WoW changed levelling to be convenient and solo, so it got rid of the boring and the need to socialize at the same time.

To my mind City of Heroes and GW2 showed the path to a solution with content that is solo when you are but scales when you are part of a group (formally or not) and makes that scaling beneficial to all involved but not required. Though that brings it's own problems with the encounters and tactics having less identity due to the need to scale.

I'm happy to see a new MMO to follow, but I'm expecting "Vanguard", "Copernicus" or even more likely failed kick-starter when dreams and reality intersect.
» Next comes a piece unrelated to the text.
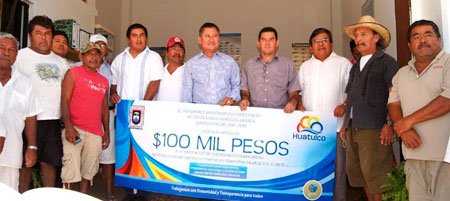 Al-sector-pesquero-de-Huatulco-Lorenzo-Lavariega-Arista-entrega-100-mil-pesos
GW2's model is extremely flawed though, as I never felt compelled to interact with anyone I did dynamic quests with because, well there was no real reason to work together.  This might be different very recently, since I hear the world bosses actually require real coordination (people doing different things in different parts of the map, thus requiring some communication) but literally everything for the for 6 months gave me zero desire to communicate with anyone doing the same dynamic quest as me. 

You need scaling combat but there is also something to be said for the actual formation of a physical group (whether manual or automated through LFG), and I feel like GW2 suffers because of that. 

GW2 also makes the mistake of only making you group for hard content, which discouraged me from ever doing it because I didn't want to deal with bad pugs (or be the bad pugger who never did the content before), which meant I never even cared to attempt it, meaning I never even tried to find a formalized group of people to play with.